Eto-Betriebsratschef Benke sagt, die Belegschaft sei über das anstehende Gutachten informiert, das „als wichtige Grundlage für die künftige Ausrichtung des Unternehmens dienen“ werde, wie er es ausdrückt. Es gehe darum, „schnellstmöglich Klarheit für alle Mitarbeiterinnen und Mitarbeiter zu schaffen“. Trotz der „herausfordernden Phase“ zeigten die Mitarbeiterinnen und Mitarbeiter „großen Einsatz“.
200 Stellen schon abgebaut
Nach Angaben des Betriebsratschefs laufe die Produktion in dem gut 1000 Mitarbeiter umfassenden Stammwerk weitgehend ohne Kurzarbeit weiter. Das Arbeitsmarktinstrument kommt allerdings bei einem Großteil der Beschäftigten in der Verwaltung und den Zentralbereichen zum Einsatz. Seit Dezember 2024 arbeitet man damit bei Eto kurz. Rund 200 Stellen hat die Firma in den vergangenen eineinhalb Jahren weltweit bereits abgebaut.

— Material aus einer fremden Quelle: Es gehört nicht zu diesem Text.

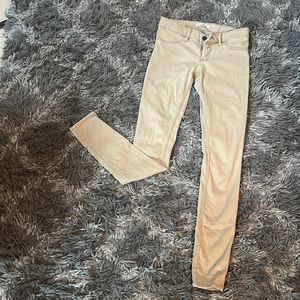 Hollister khaki skinny Jean/jegging (Size 1)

Eto braucht Ferienjobber und Leiharbeiter
Das neue Management arbeite „intensiv“ daran, neue Aufträge hereinzuholen, sagt Benke. Immerhin scheint die Auftragslage so gut, dass sogar Unterstützung von außen ran muss. „Um die bestehenden Aufträge auch in der kommenden Ferienzeit effizient bearbeiten zu können, werden wir temporär zusätzliche Unterstützung durch Leiharbeiter und Ferienjobber in Anspruch nehmen“, sagt Benke, der seit 1995 bei der Stockacher Eto arbeitet und sich bis zum Betriebsratschef hochgearbeitet hat.